◆ **Task**:
If a line of the records holds the word "Crivello", copy it out.

◆ **Extracted information**:
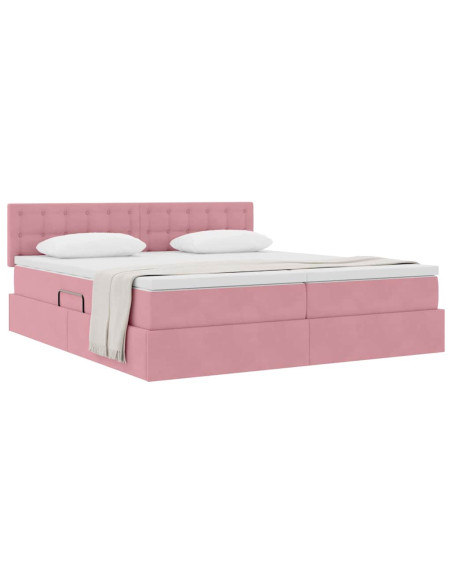 Letto con Contenitore con materasso Rosa 100 x 200 cm
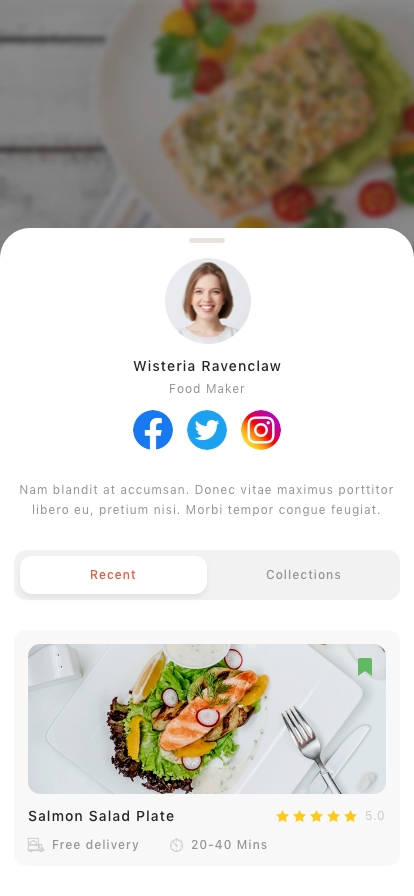 Food Ordering Mobile App UI Kit - Screenshot 5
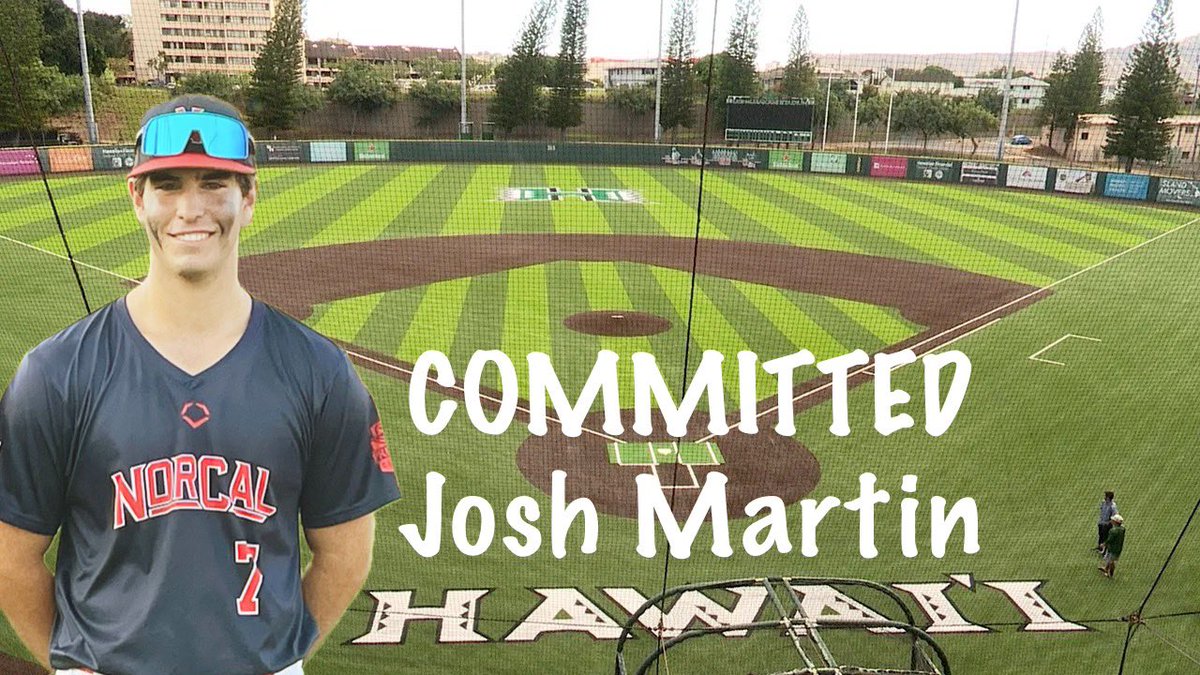 Norcal Black (@norcalblack) on Twitter photo Congratulations to former <a href="/SMmustangBB/">San Marin Baseball</a> and <a href="/SRJCbaseball/">Santa Rosa JC Baseball</a> 1B/OF <a href="/Josh24Martin/">Joshua Martin</a> on his commitment to <a href="/HawaiiBaseball/">Hawaii Baseball</a>
#committed
<a href="/NorCalBlack/">Norcal Black</a> <a href="/NorCalBaseball/">Tony Crivello</a> <a href="/NorCalU1/">NorCalU</a> Congratulations to former <a href="/SMmustangBB/">San Marin Baseball</a> and <a href="/SRJCbaseball/">Santa Rosa JC Baseball</a> 1B/OF <a href="/Josh24Martin/">Joshua Martin</a> on his commitment to <a href="/HawaiiBaseball/">Hawaii Baseball</a>
#committed
<a href="/NorCalBlack/">Norcal Black</a> <a href="/NorCalBaseball/">Tony Crivello</a> <a href="/NorCalU1/">NorCalU</a>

◆ **Response for this exercise**:
<a href="/NorCalBlack/">Norcal Black</a> <a href="/NorCalBaseball/">Tony Crivello</a> <a href="/NorCalU1/">NorCalU</a> Congratulations to former <a href="/SMmustangBB/">San Marin Baseball</a> and <a href="/SRJCbaseball/">Santa Rosa JC Baseball</a> 1B/OF <a href="/Josh24Martin/">Joshua Martin</a> on his commitment to <a href="/HawaiiBaseball/">Hawaii Baseball</a>
<a href="/NorCalBlack/">Norcal Black</a> <a href="/NorCalBaseball/">Tony Crivello</a> <a href="/NorCalU1/">NorCalU</a>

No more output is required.